**Work to be completed**
Please output exactly the lines below, starting at the line that has "Vegetable Dye Muted" and ending at the line that has "Mall Bale Kota to Mampang Prapatan map", both included; leave out all pictures and include nothing else.

**Material for this task**
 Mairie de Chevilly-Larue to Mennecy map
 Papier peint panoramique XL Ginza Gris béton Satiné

==

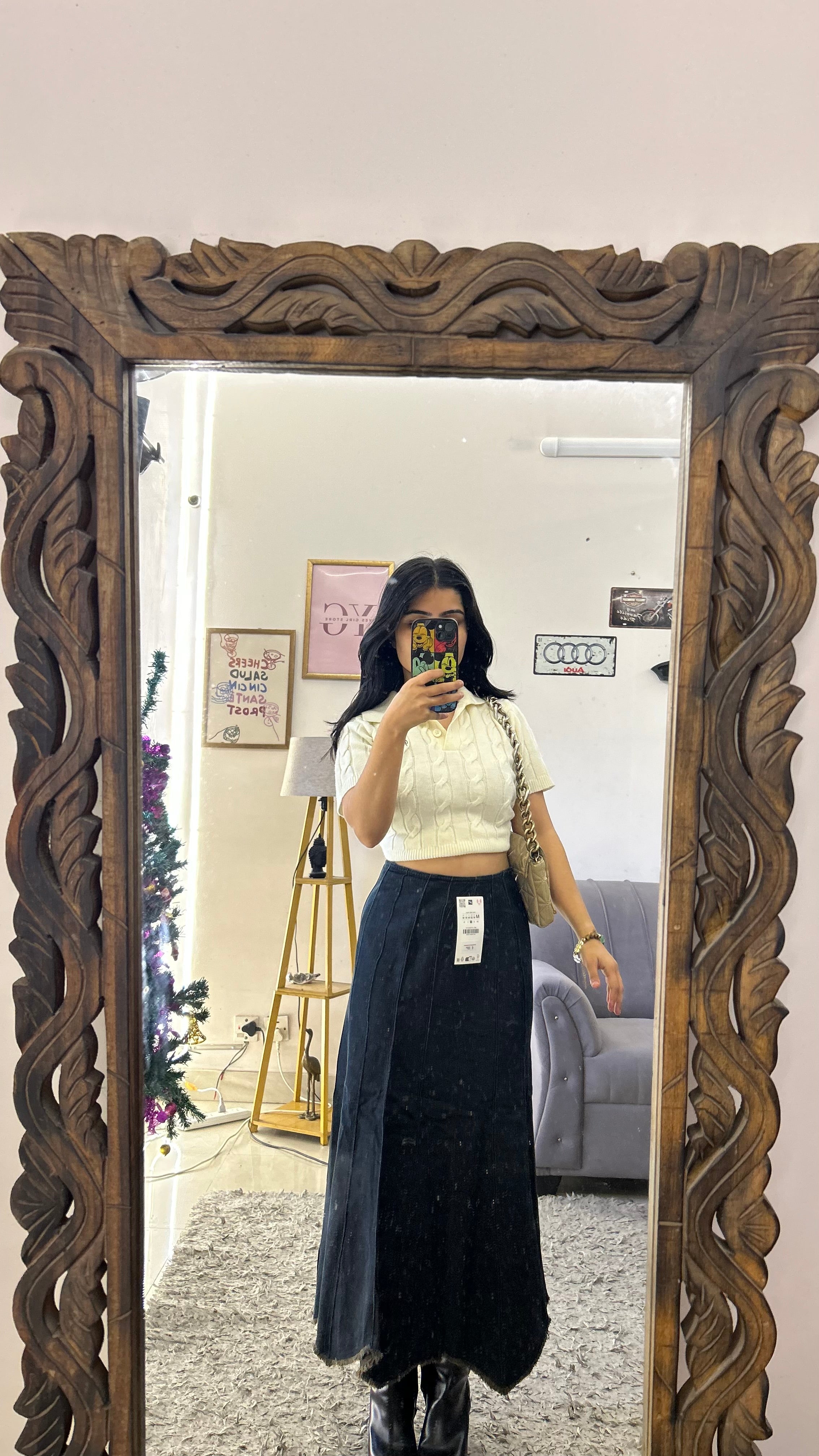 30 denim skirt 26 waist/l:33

...

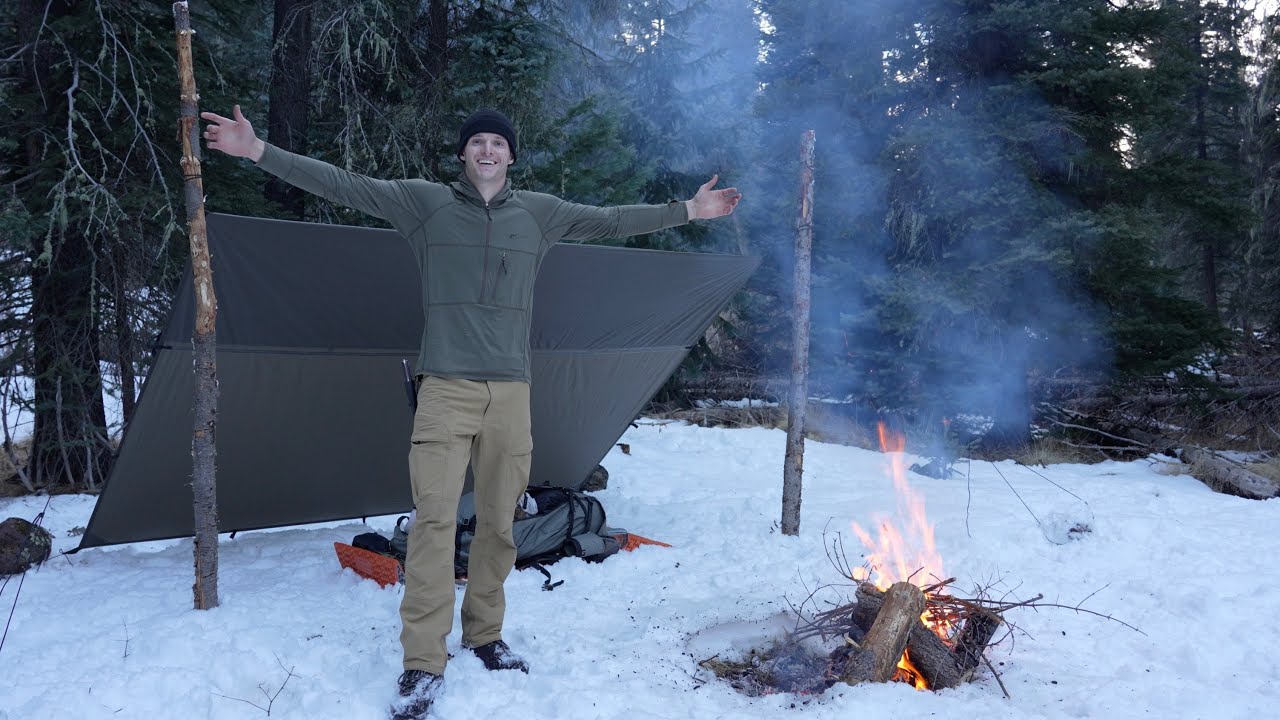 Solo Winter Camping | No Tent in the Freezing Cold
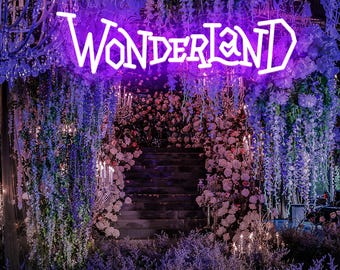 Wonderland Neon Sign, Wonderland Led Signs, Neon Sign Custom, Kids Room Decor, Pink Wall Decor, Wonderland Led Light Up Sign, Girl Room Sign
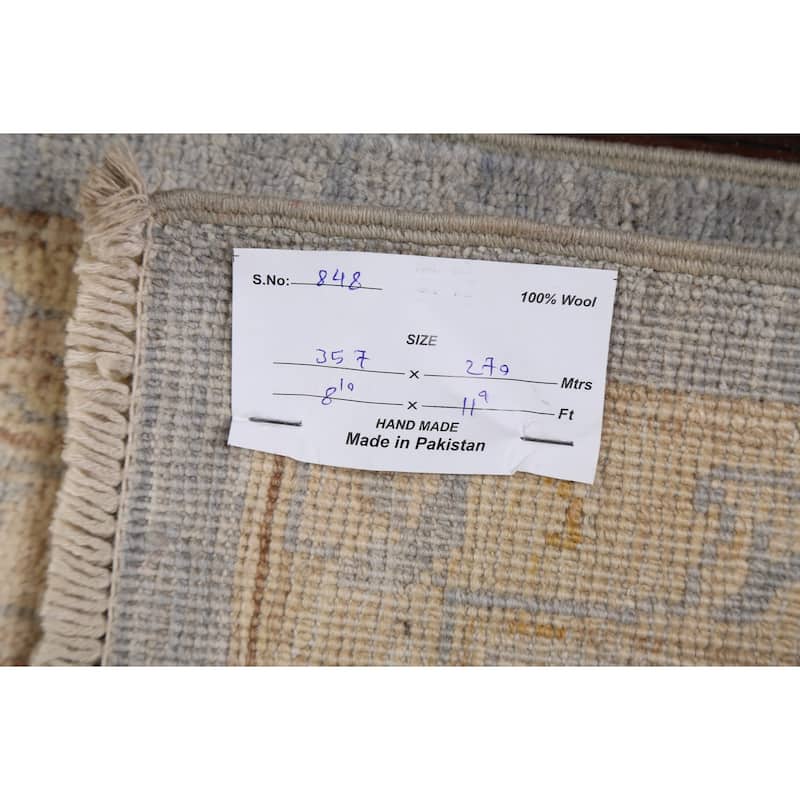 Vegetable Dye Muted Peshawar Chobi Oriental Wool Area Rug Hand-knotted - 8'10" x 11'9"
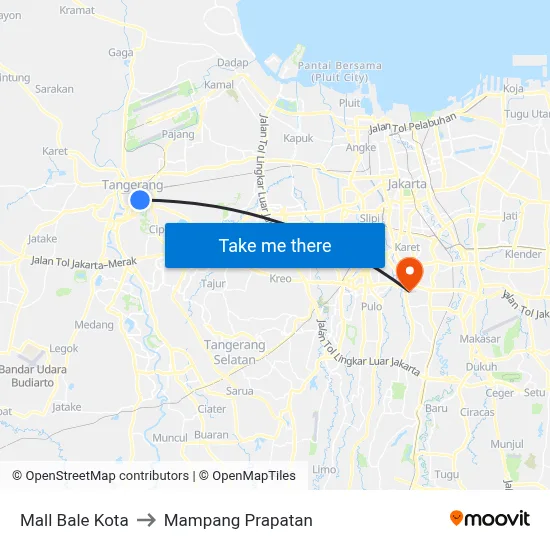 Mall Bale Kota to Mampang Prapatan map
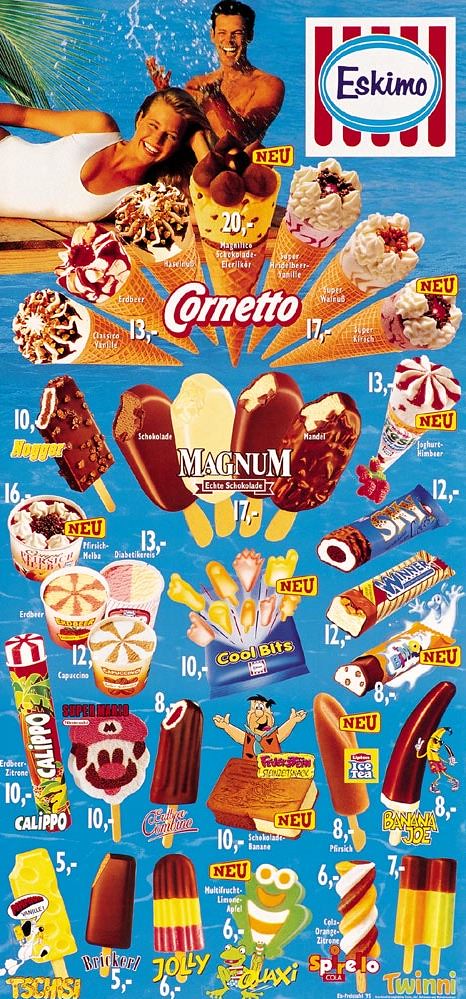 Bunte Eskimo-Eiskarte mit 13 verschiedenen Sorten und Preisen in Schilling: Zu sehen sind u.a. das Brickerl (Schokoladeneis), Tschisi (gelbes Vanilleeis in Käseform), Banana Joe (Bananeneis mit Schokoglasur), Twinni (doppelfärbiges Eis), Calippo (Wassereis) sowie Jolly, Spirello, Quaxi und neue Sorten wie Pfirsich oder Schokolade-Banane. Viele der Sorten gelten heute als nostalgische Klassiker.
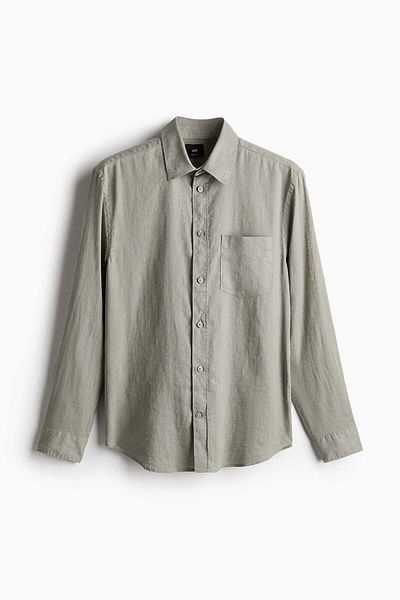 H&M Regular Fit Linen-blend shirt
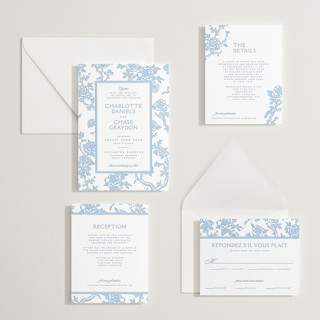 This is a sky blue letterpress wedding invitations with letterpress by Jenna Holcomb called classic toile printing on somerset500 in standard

**Answer below**
 Vegetable Dye Muted Peshawar Chobi Oriental Wool Area Rug Hand-knotted - 8'10" x 11'9"
 Mall Bale Kota to Mampang Prapatan map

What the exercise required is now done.